Working with combinations in SAS

2

A colleague posted a Christmas-themed code snippet that shows how to use the DATA step in SAS to output all the possible ways that Santa can hitch up a team of reindeer to pull his sled. The assumption is that Rudolph must lead the team, and the remaining reindeer are chosen from his loyal team of Dasher, Dancer, Prancer, Vixen, Comet, Cupid, Donner, and Blitzen. The size of the team can be as small as two or as large as nine.

This is a classic mathematical problem: list all the combinations of eight items (the reindeer) taken k at a time. Here k determines the size of the team that pulls the sled. For k=1, the team is Rudolph and one other reindeer. For k=2, the team is Rudolph and two other reindeer, and so on up to k=8.

SAS supports several ways to work with combinations of various sizes. My favorite way is to use the ALLCOMB function in SAS IML software. Santa's reindeer provides a motivation to look at how to use the ALLCOMB function to generate combinations of items of various sizes.

Generate all combinations

A fundamental rule of programming is to start with an example that is easy to program and understand. So instead of generating all combinations of eight items, let's start with generating all combinations of three items, A, B, and C. The following SAS IML program creates a three-element set. The call to the ALLCOMB function creates all subsets of size k. The call is within a DO loop, so the program creates all subsets of one item, two items, and three items. The result of the ALLCOMB function is k-column matrix where each row is a combination from the set {1, 2, 3}. Each row contains indices that you can use to extract the corresponding subsets from the set {A, B, C}. The following program prints the subsets for each value of k:

/* 1. All combinations of n elements taken k at a time, k=1:n */
proc iml;
set = {"A"  "B"  "C"};
n = ncol(set);
 
do k = 1 to n;             /* look at subsets of size k */
   p = allcomb(n, k);      /* each row is a combination "n choose k" */
   do j = 1 to nrow(p);    /* the j_th subset of size k */
      s = set[ , p[j,]];   /* extract the j_th combination (subset) */
      print k j, s;
   end;
end;
QUIT;

The tricky statement is s = set[ , p[j,]], so let's break that down. The expression p[j,], is the j_th row of the matrix, p. This is a row vector of length k that contains indices. For example, when k=2, the rows are {1 2}, {2 3}, and {1 3}. These indices are used to extract subsets of the set. For example, set[ , {1 3}] is the row vector {A C}. When k=2, the DO loop generates the subsets {A B}, {B C}, and {A C}.

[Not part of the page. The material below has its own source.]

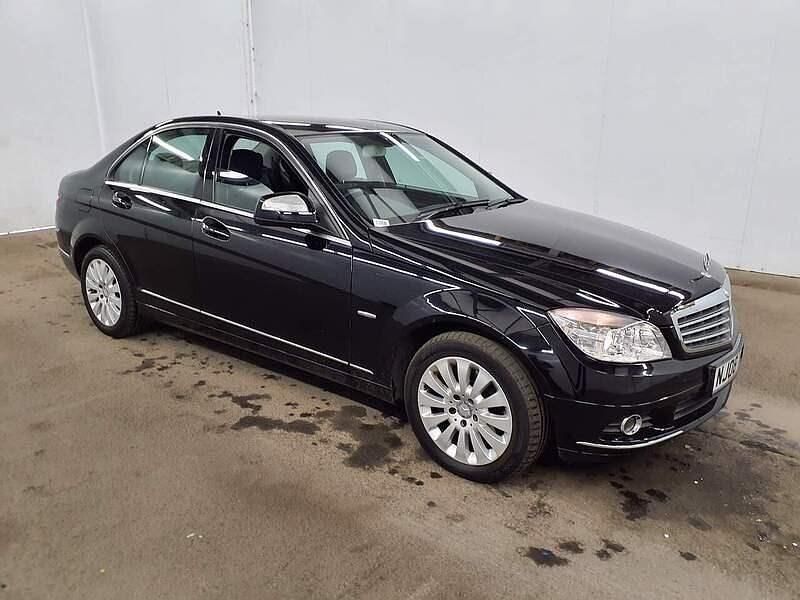 Used Mercedes C200 Elegance 2008 Black Sedan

Typically, we do not want to print the output but want to save the output in a matrix or write the output to a data set. The next section puts the results in a matrix. If you want, it is easy to write a SAS IML matrix to a SAS data set.

Store all combinations as rows in matrix

To store the combinations in a matrix, it is useful to know the total number of combinations. For a set that has n elements, the set of all combinations of size k is given by the binomial coefficient "n choose k," which I will write as comb(n,k). By using the binomial formula from high-school algebra, you can show that the sum of the binomial coefficients is Σk > 0 comb(n,k) = 2n – 1.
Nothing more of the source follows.